DURHAM, N.C. -- Scientists at Duke University Medical Center have delivered therapeutic genes throughout a rabbit's heart and have shown that the genes can both boost heart function on their own and also increase sensitivity to heart-stimulating drugs.
According to the researchers, the experiments, reported in the July 1 Journal of Clinical Investigation, are a crucial step in developing a genetic treatment for congestive heart failure. This debilitating and deadly condition develops when heart muscle loses its ability to stretch and contract, usually due to clogged arteries caused by coronary artery disease. People with congestive heart failure often experience fatigue, weakness and an inability to carry out routine daily tasks. There is currently no effective means to reverse heart failure, only to treat symptoms.
The research is funded by grants from the National Institutes of Health and the American Heart Association (AHA).

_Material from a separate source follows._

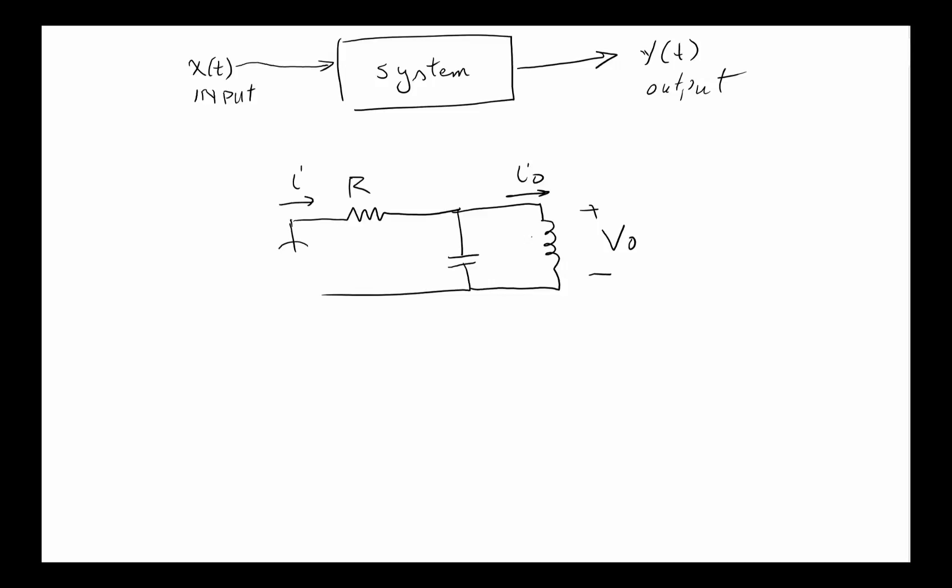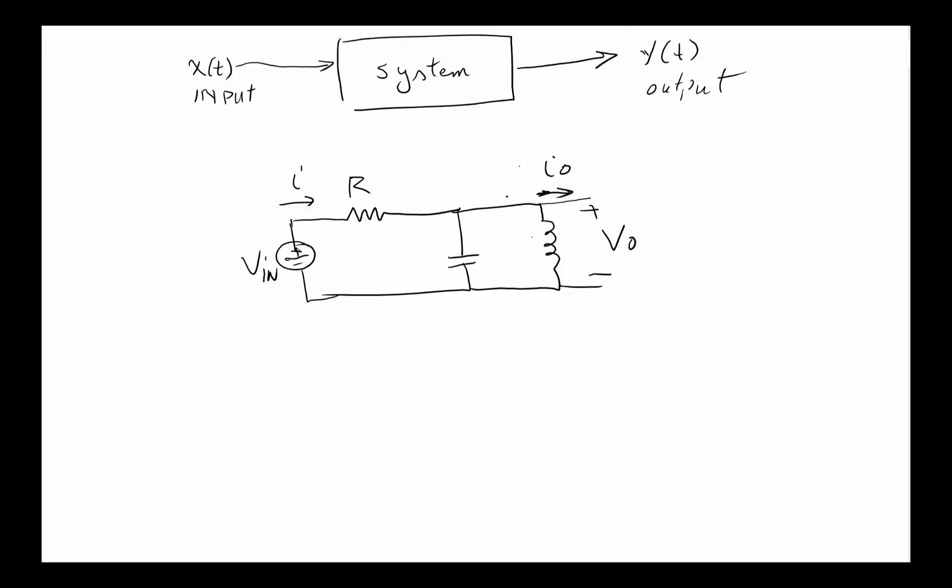So here you have a plus minus V out, you have i out, and you have an i in. You probably have some sort of an input coming in, V in. So we could think of this as a system.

According to the AHA, about 400,000 new cases of congestive heat failure are recorded every year in the United States. Death rates from congestive heart failure tripled between 1974 and 1994, making it the leading cause of hospitalization among people 65 and older and costing more than $10 billion a year.
Research team leader Walter J. Koch, an associate professor of experimental surgery, and his colleagues have been working for several years to find ways to efficiently deliver genes to the heart to boost heart function.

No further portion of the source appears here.